Work instructions.
Leave out every picture and set down, exactly, the lines below from the one holding "Happy, excited young" up to and including the one holding "Staged living room".

Dataset entries.
____

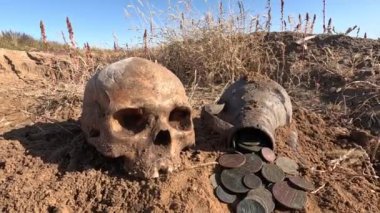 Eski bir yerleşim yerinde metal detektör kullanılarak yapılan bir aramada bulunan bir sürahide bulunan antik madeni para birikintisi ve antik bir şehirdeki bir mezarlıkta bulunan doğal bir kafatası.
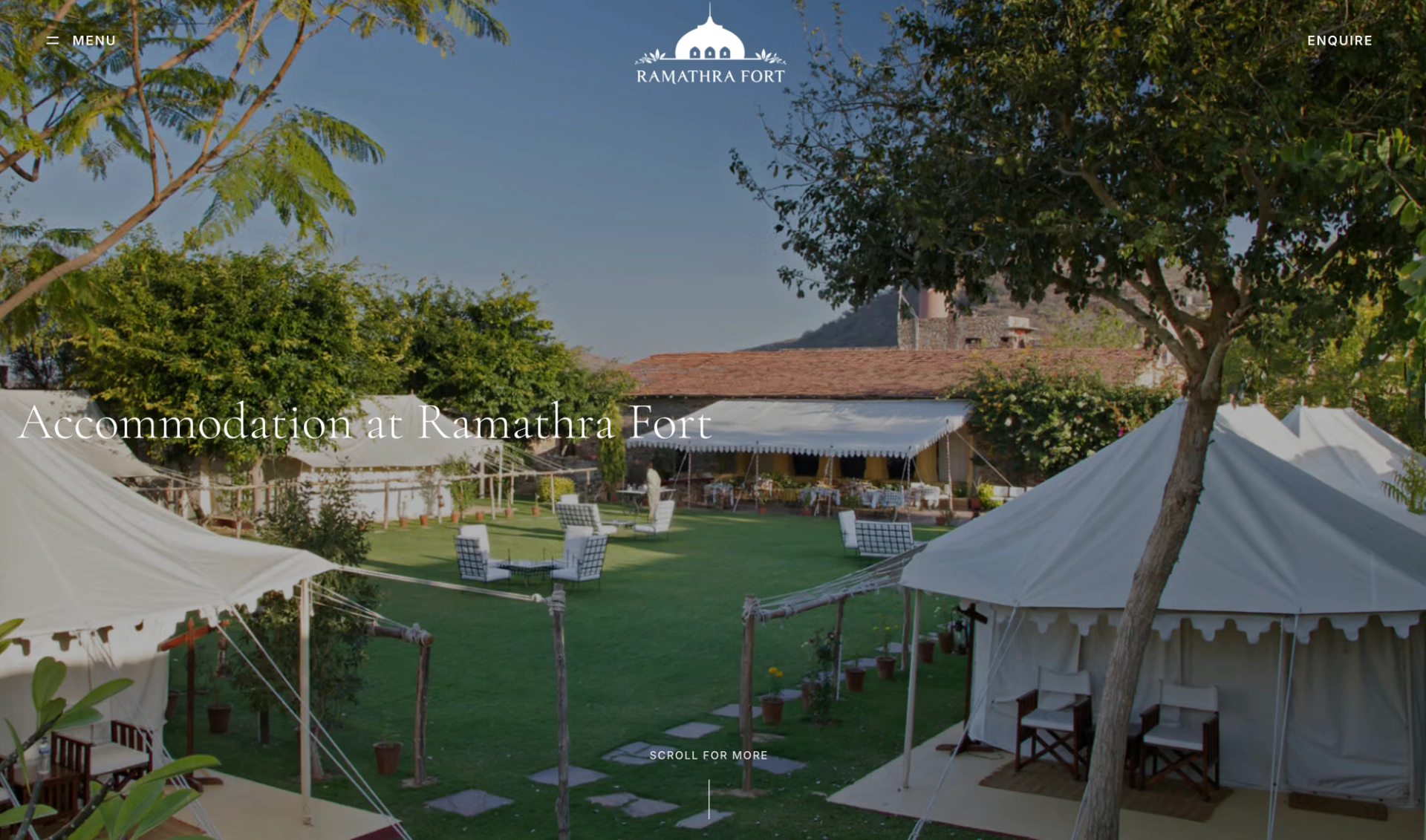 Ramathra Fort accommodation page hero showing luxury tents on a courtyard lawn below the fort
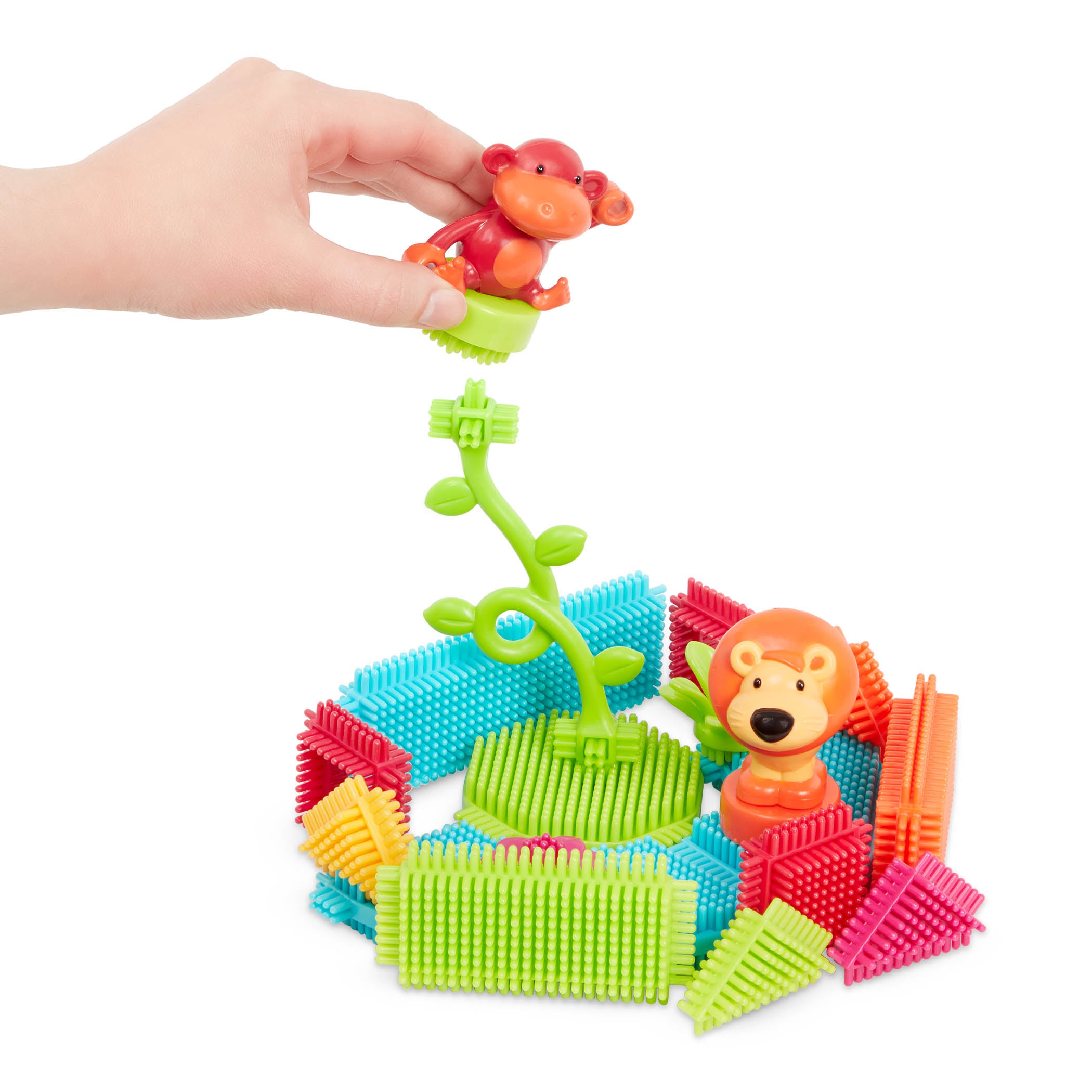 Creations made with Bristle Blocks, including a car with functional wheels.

____

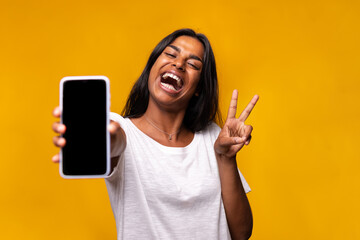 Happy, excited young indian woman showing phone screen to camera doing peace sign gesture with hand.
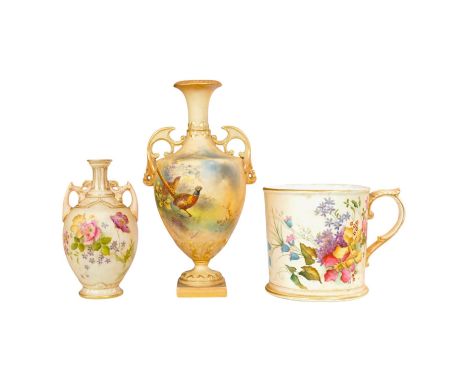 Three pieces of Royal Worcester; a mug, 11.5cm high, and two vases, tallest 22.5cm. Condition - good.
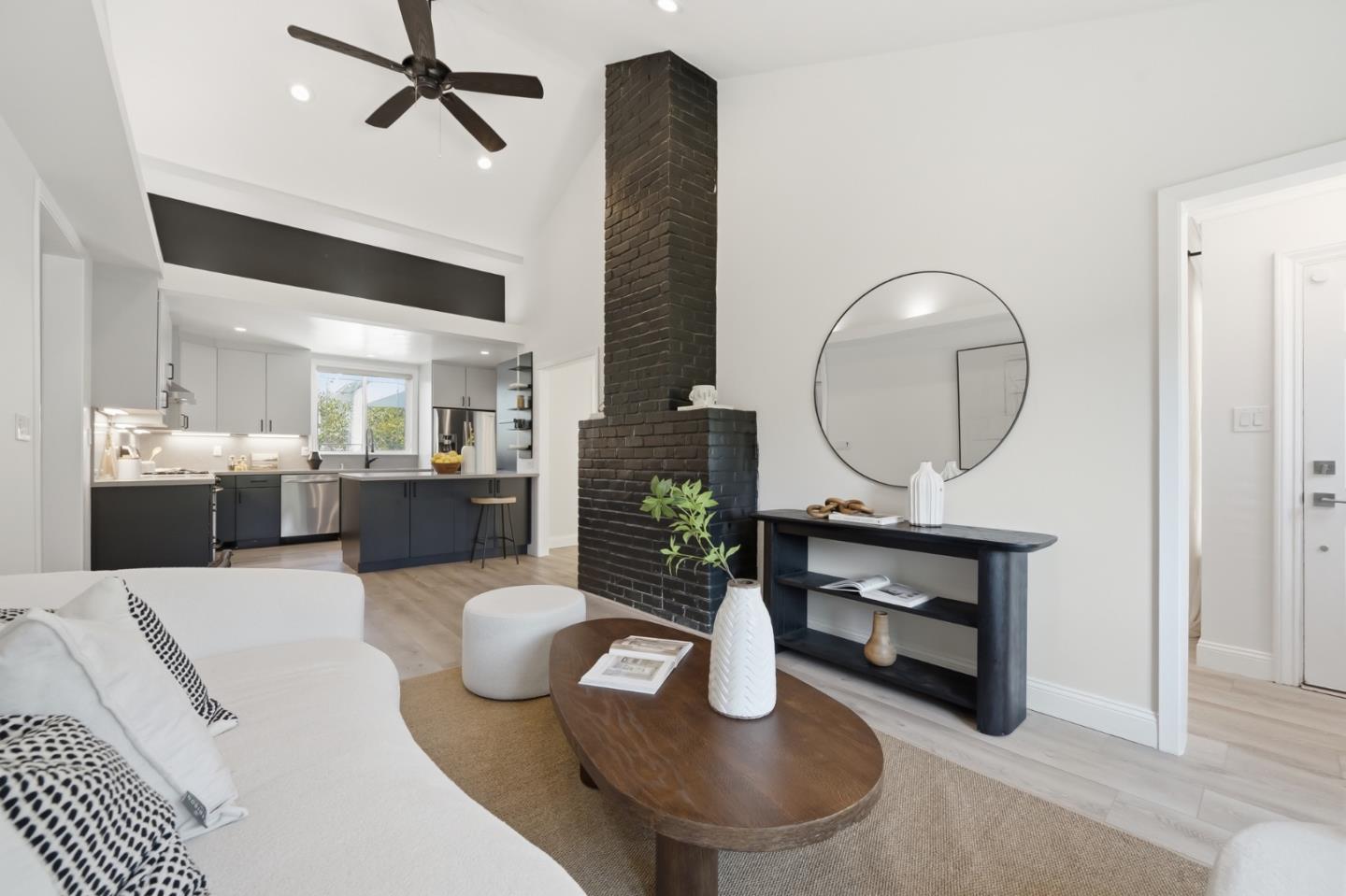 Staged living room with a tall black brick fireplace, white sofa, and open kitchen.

____

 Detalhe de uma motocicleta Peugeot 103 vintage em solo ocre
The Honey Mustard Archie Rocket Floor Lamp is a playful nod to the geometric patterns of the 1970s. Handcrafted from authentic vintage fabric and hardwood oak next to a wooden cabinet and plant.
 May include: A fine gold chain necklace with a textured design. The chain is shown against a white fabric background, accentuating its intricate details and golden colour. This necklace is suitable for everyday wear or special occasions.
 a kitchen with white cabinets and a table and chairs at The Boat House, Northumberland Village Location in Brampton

____

Exercise answer.
 Happy, excited young indian woman showing phone screen to camera doing peace sign gesture with hand.
 Three pieces of Royal Worcester; a mug, 11.5cm high, and two vases, tallest 22.5cm. Condition - good.
 Staged living room with a tall black brick fireplace, white sofa, and open kitchen.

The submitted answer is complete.